Web page caption snippets:
• • • • •

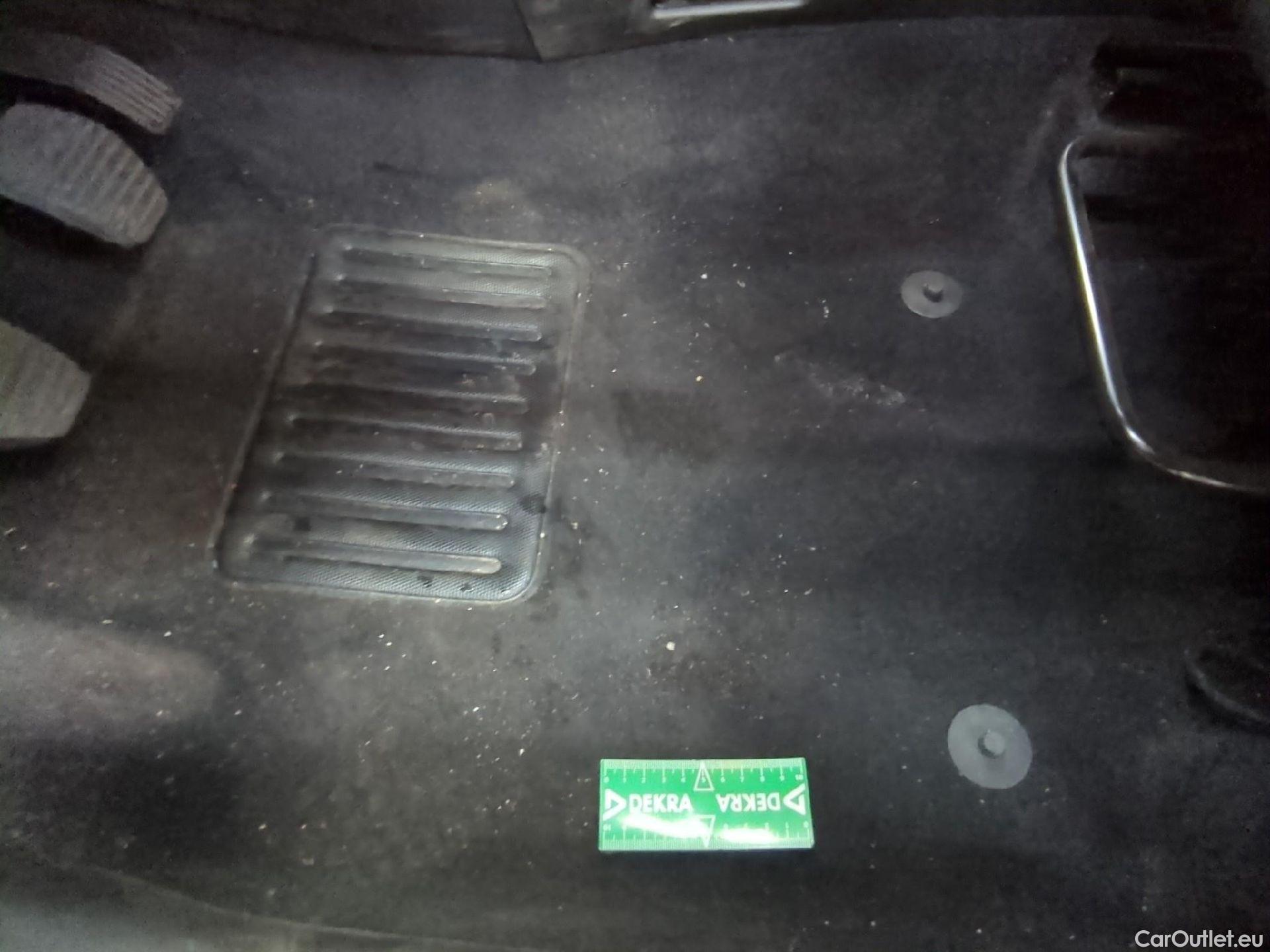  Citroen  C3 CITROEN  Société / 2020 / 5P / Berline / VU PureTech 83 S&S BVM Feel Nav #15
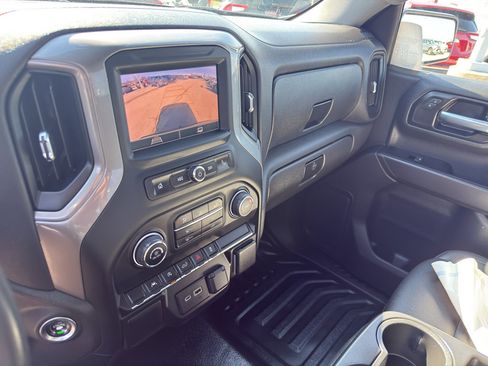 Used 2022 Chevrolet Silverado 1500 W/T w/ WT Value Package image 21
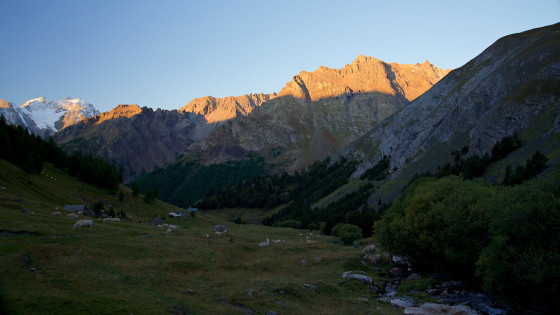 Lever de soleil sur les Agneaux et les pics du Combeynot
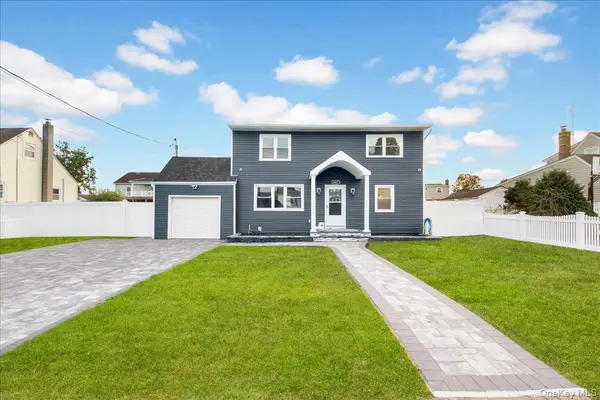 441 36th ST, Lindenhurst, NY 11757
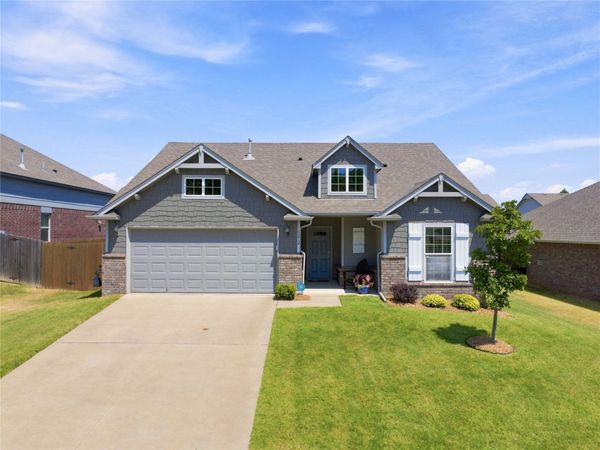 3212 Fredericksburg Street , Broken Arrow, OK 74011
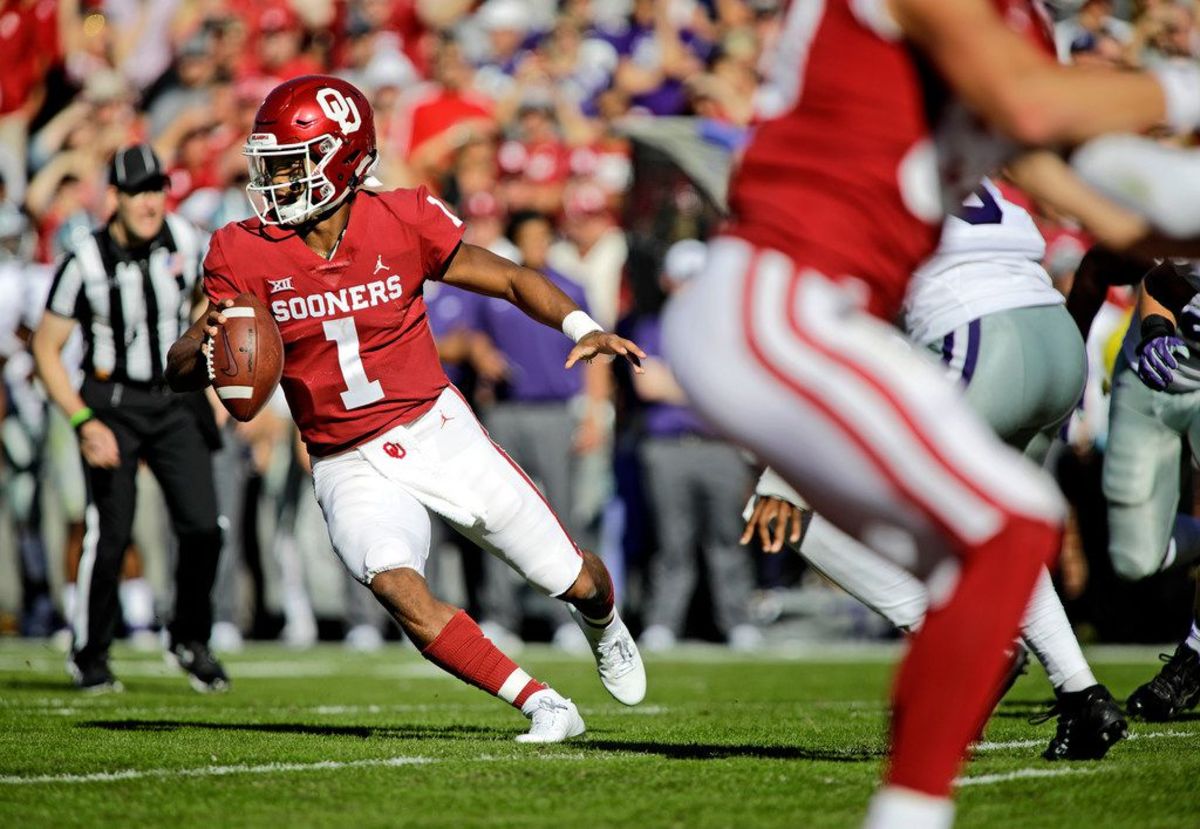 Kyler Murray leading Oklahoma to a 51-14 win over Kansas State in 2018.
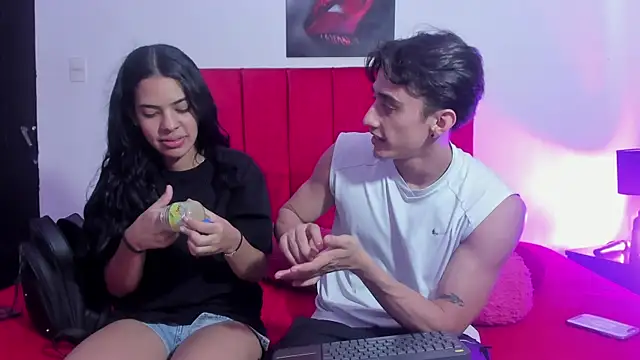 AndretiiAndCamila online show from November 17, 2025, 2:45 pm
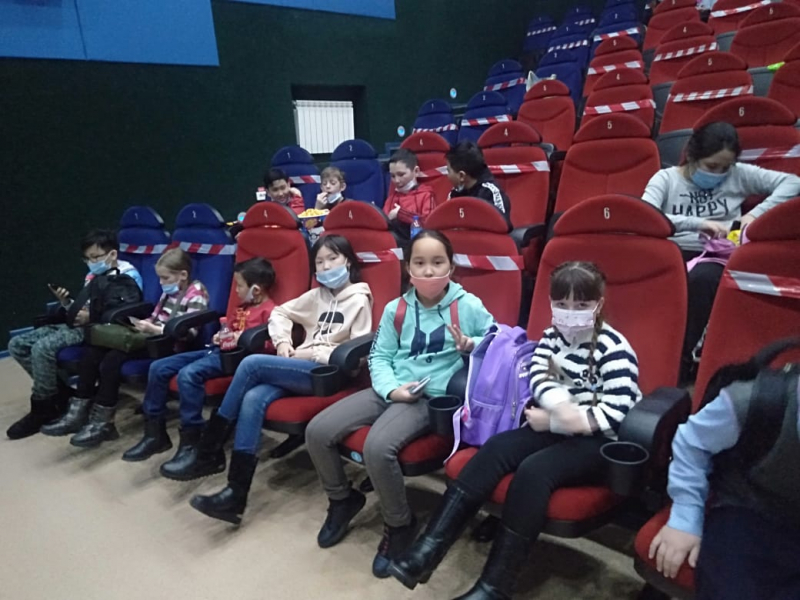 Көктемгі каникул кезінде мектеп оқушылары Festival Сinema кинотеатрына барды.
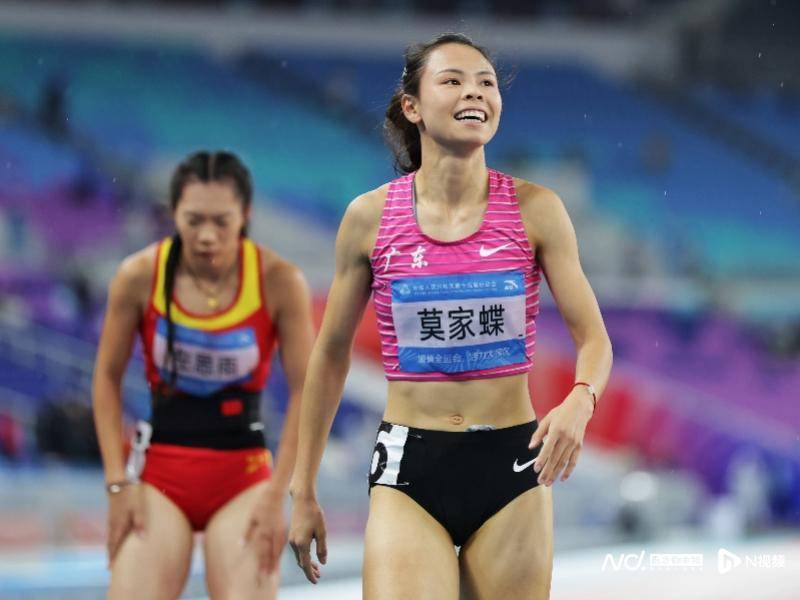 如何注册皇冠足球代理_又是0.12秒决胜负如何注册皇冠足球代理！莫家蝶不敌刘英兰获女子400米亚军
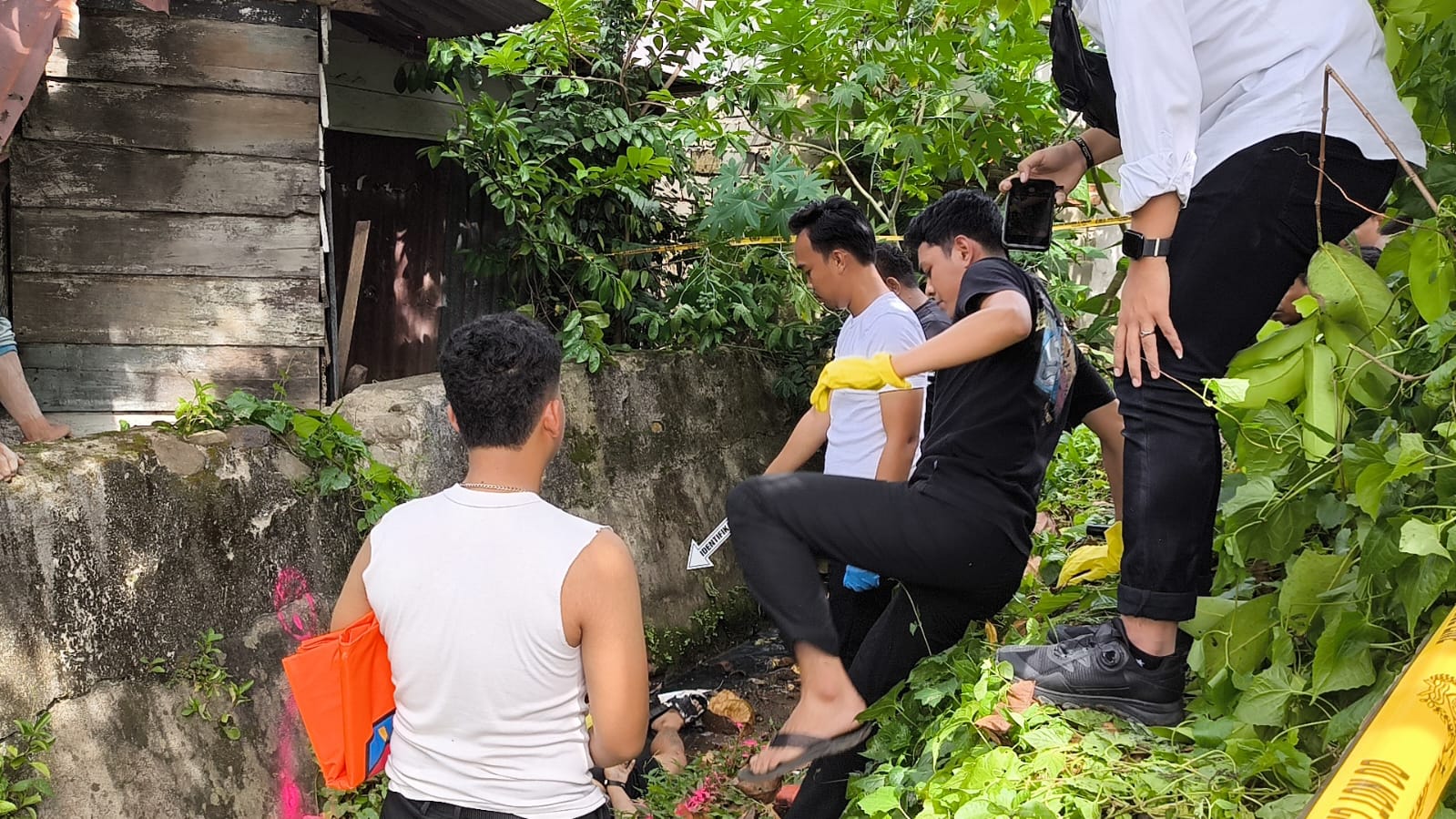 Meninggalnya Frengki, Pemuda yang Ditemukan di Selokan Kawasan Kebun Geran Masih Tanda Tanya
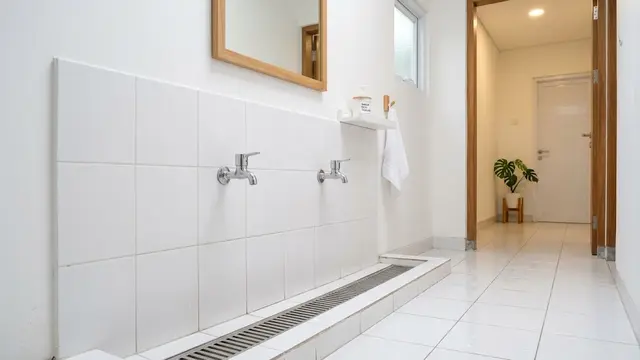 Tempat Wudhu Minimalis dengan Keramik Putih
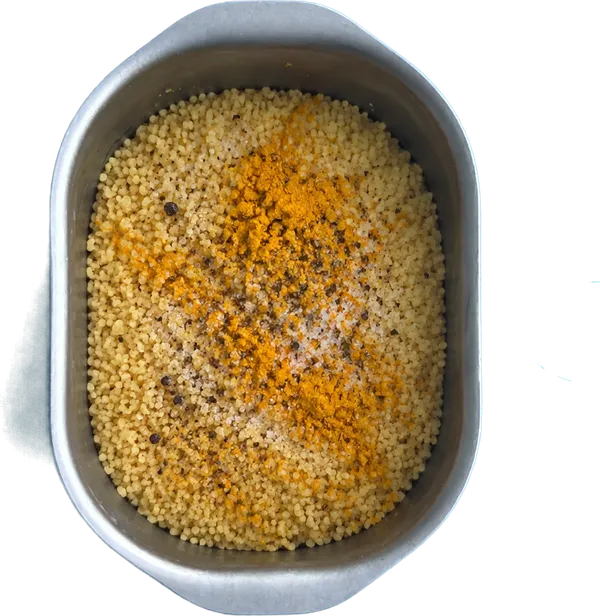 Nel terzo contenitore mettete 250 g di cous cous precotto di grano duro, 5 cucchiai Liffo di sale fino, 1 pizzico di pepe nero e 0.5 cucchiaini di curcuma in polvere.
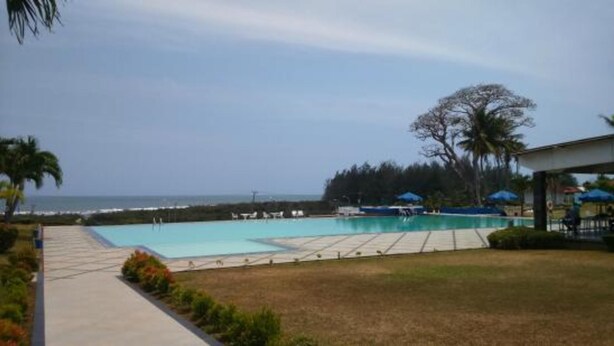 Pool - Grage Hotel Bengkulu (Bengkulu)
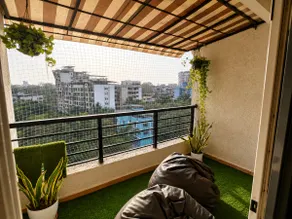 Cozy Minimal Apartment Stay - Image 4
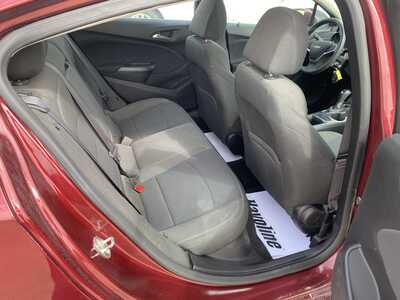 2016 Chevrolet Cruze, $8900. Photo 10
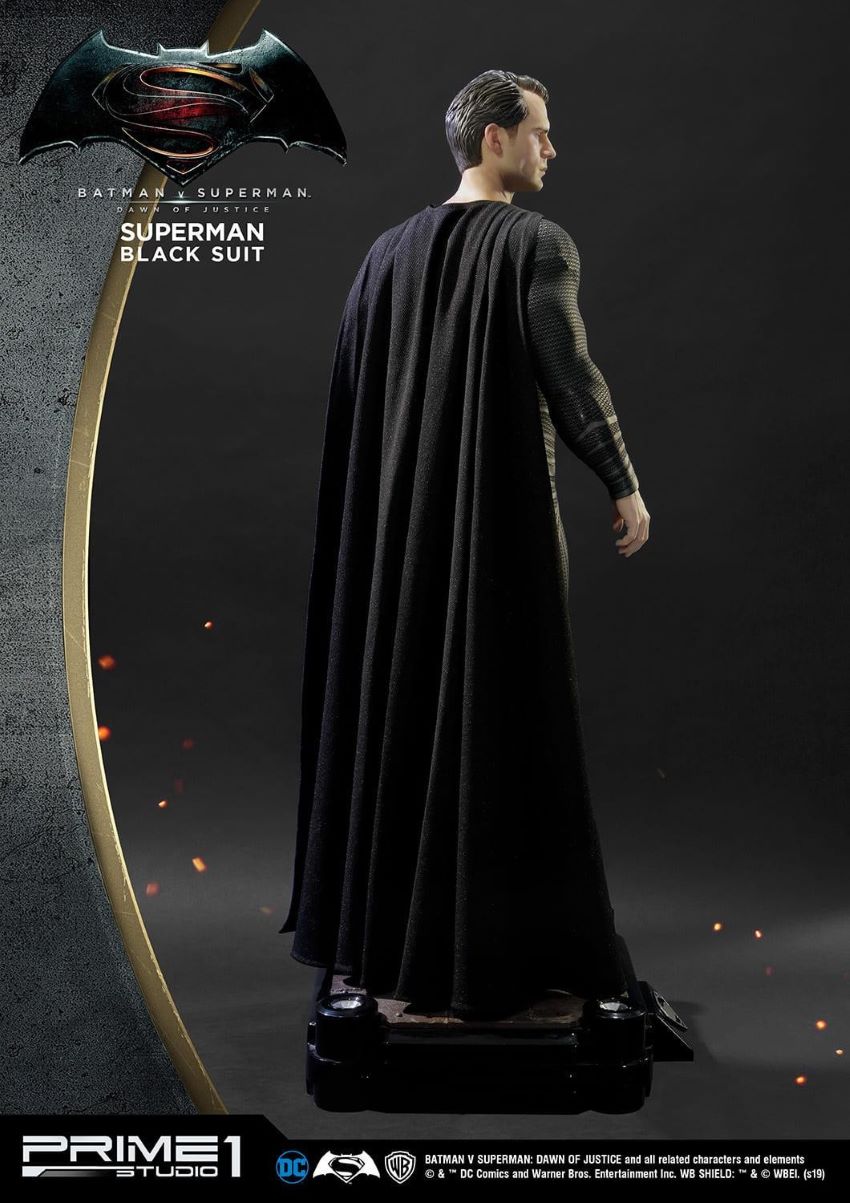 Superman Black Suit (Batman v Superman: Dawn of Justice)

• • • • •

Directions: What is needed is every entry written out word for word, with no pictures.

Response box:
  Citroen  C3 CITROEN  Société / 2020 / 5P / Berline / VU PureTech 83 S&S BVM Feel Nav #15
 Used 2022 Chevrolet Silverado 1500 W/T w/ WT Value Package image 21
 Lever de soleil sur les Agneaux et les pics du Combeynot
 441 36th ST, Lindenhurst, NY 11757
 3212 Fredericksburg Street , Broken Arrow, OK 74011
 Kyler Murray leading Oklahoma to a 51-14 win over Kansas State in 2018.
 AndretiiAndCamila online show from November 17, 2025, 2:45 pm
 Көктемгі каникул кезінде мектеп оқушылары Festival Сinema кинотеатрына барды.
 如何注册皇冠足球代理_又是0.12秒决胜负如何注册皇冠足球代理！莫家蝶不敌刘英兰获女子400米亚军
 Meninggalnya Frengki, Pemuda yang Ditemukan di Selokan Kawasan Kebun Geran Masih Tanda Tanya
 Tempat Wudhu Minimalis dengan Keramik Putih
 Nel terzo contenitore mettete 250 g di cous cous precotto di grano duro, 5 cucchiai Liffo di sale fino, 1 pizzico di pepe nero e 0.5 cucchiaini di curcuma in polvere.
 Pool - Grage Hotel Bengkulu (Bengkulu)
 Cozy Minimal Apartment Stay - Image 4
 2016 Chevrolet Cruze, $8900. Photo 10
 Superman Black Suit (Batman v Superman: Dawn of Justice)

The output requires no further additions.